Por fin, el tambucho crujió con una lastimera protesta final y cedió. La persiana se deslizó otra vez hacia abajo, cayendo pesadamente, en ángulo, y se quedó trabada contra los rieles que la conducían. La escasa luz que entraba por el agujero desapareció.

Susana se quedó quieta, intentando recuperarse de la tensión que acababan de vivir. Resoplaba pesadamente y el corazón trabajaba a un ritmo frenético, intentando manejar toda la adrenalina que había liberado. José, por su parte, se tumbó de espaldas, sintiendo el frío del suelo contra la nuca. Era incapaz de levantar los doloridos brazos. Hasta el dedo con el que había estado martilleando el gatillo se le había quedado tenso, señalando acusadoramente hacia algún punto de la pared.

– Por Dios… -dijo a la oscuridad, jadeando.

Lo habían conseguido, sí, pero en su mente empezaba a florecer el germen de una inquietud; una pregunta que flotaba como un espíritu neblinoso: ¿cómo volverían a salir de allí?

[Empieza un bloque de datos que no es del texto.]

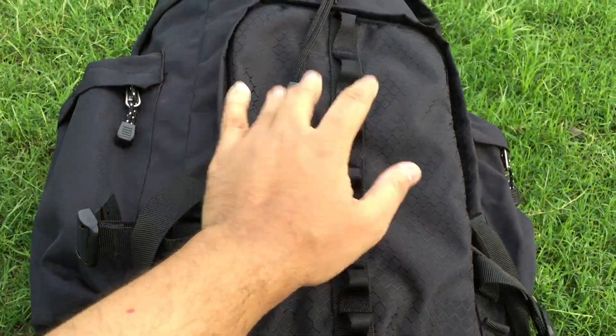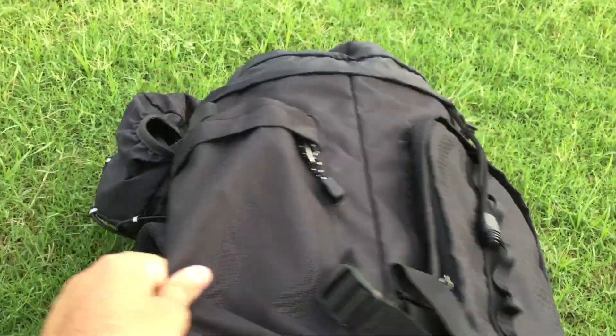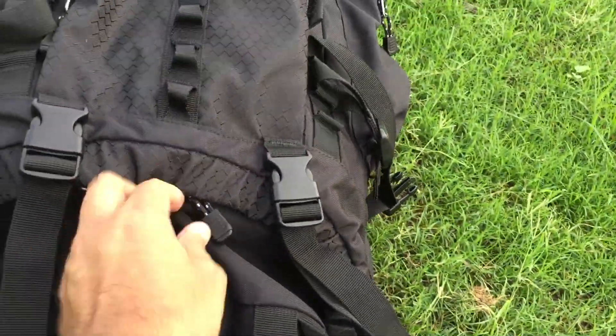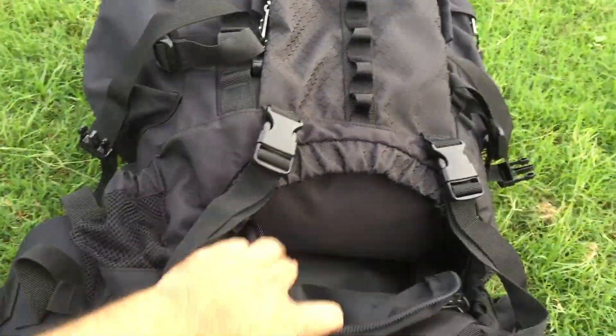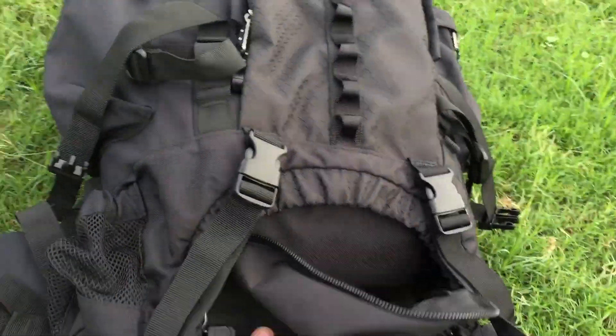It has a cap, a sleeping bag pocket, side pockets on both sides, and multiple zips — you can see there are zips here as well. Basically this bag also has a pocket specifically intended to keep wet clothes.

Y mientras esa duda horrible se abría paso en su mente, fuera, los muertos llamaban, aporreando la persiana metálica con furibunda persistencia.

20.

REPRESALIAS

El soldado avanzaba por el pasillo a buen paso, con el sonido de sus botas llenando de ecos los techos altos. Cada vez que pasaba junto a un centinela, se ponía tenso y apretaba los músculos, como si temiese que éste fuese a echársele encima, bloquear sus brazos con las rodillas y grabar una sola palabra en su frente utilizando algún tipo de puñal. La palabra, por supuesto, era «TRAUMA».